Action in State Capitol Sets Us on a Course Toward Climate Progress

With climate action top of mind for many as the 2018 legislative session opened Jan. 8 in Olympia, Gov. Jay Inslee outlined his plan for reducing carbon pollution in Washington during his annual State of the State address today. Watch a replay below:

"We have been given an incredible bounty of natural beauty and sustenance, and we now must ask ourselves how we can protect that bounty for future generations," said Gov. Inslee.

Washington’s lawmakers can set a national standard for action to address climate change — not only its impacts on our iconic landscapes, but on the people who depend on a healthy environment to live, work and recreate throughout our state.

Gov. Inslee during a tour around a Snohomish County dairy farm with The Nature Conservancy. Photo © Hannah Letinich.

The governor isn’t the only one weighing in on climate policy as the Legislature convenes for its 60-day session. Last week, Commissioner of Public Lands Hilary Franz shared her priorities for addressing climate change, including tackling carbon pollution and investing in the resilience of Washington’s lands, waters and communities.

At The Nature Conservancy, our top priority for climate policy is to reduce carbon emissions for the benefit of people and our natural world. Our state needs serious, thoughtful policy to ensure this is positive progress toward a safer, healthier world for all of us.

“Climate change is the most urgent threat to people and nature in Washington and around the world. We must move forward with a smart carbon policy that works for all of Washington’s communities, turns the tide on carbon emissions, and invests in Washington’s lands, waters and people to prepare for climate change,” said Mo McBroom, our director of government relations.

A ballot initiative that puts a price on carbon is one way to limit carbon emissions, and we continue to research and form partnerships to pursue a ballot initiative. Washington's spirit of innovation and collaboration can make meaningful climate policy a reality.

"We have succeeded in aerospace, in software, in online commerce, in coffee, in biotechnology, and there is every reason to believe we will succeed in fighting climate change and growing our economy in the process," Gov. Inslee said in his speech.

Legislative action represents another way Washington could lead the nation in limiting carbon emissions. We are proud to see our state's elected and community leaders taking tangible steps for a much-needed response to the climate crisis.

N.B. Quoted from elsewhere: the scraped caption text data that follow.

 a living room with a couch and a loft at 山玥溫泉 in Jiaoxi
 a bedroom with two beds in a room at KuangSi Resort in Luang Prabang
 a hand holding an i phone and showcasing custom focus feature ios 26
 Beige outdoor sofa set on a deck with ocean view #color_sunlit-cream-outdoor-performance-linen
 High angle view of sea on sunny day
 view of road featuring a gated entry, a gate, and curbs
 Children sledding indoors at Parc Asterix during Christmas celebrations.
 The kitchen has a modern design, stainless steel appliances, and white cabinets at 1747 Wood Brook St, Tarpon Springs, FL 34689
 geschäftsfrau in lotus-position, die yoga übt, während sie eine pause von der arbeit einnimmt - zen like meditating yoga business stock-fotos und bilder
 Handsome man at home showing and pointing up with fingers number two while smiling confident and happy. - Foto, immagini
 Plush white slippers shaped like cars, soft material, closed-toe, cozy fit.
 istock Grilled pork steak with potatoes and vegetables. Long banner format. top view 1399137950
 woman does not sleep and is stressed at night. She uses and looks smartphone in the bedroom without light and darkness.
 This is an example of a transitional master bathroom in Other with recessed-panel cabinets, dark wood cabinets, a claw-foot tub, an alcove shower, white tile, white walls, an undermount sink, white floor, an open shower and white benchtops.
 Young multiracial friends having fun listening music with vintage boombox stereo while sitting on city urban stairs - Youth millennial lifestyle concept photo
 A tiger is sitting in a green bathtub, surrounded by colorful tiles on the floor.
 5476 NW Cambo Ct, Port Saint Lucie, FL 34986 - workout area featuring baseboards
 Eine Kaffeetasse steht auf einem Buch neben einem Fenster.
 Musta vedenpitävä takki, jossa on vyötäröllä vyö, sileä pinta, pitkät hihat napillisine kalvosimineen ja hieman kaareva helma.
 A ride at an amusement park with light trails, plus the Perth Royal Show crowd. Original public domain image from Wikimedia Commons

No matter how we move forward as a state, three elements are critical to policy action on climate change:

  • A broad partnership including tribes, businesses, communities and other environmental groups
  • Research that examines what the people of Washington value and will support
  • Creation of great policy that turns the tide on carbon emissions and invests in Washington’s lands, waters and people to prepare for climate change

We are laser-focused on these activities.

A meaningful response to the climate crisis also must invest in Washington’s lands and waters, and in doing so invest in our communities: trees that sequester carbon, wetlands that absorb flood waters, habitat restoration that secures wildlife and cornerstone food sources. When we take care of nature, we take care of ourselves.

Prescribed burning is a method to create resilience in our dry forests in the face of climate change. Photo © John Marshall

Washingtonians have made a clear call for our state to act on climate change. Today’s policy proposals reflect that this call to action is being heard, through the powerful voices of advocates from local communities to Olympia, and through the proposals put forth by elected leaders like Gov. Inslee and Commissioner Franz.

We look forward to working with Gov. Inslee, Commissioner Franz and lawmakers on both sides of the aisle during this legislative session to make meaningful climate action a reality in 2018.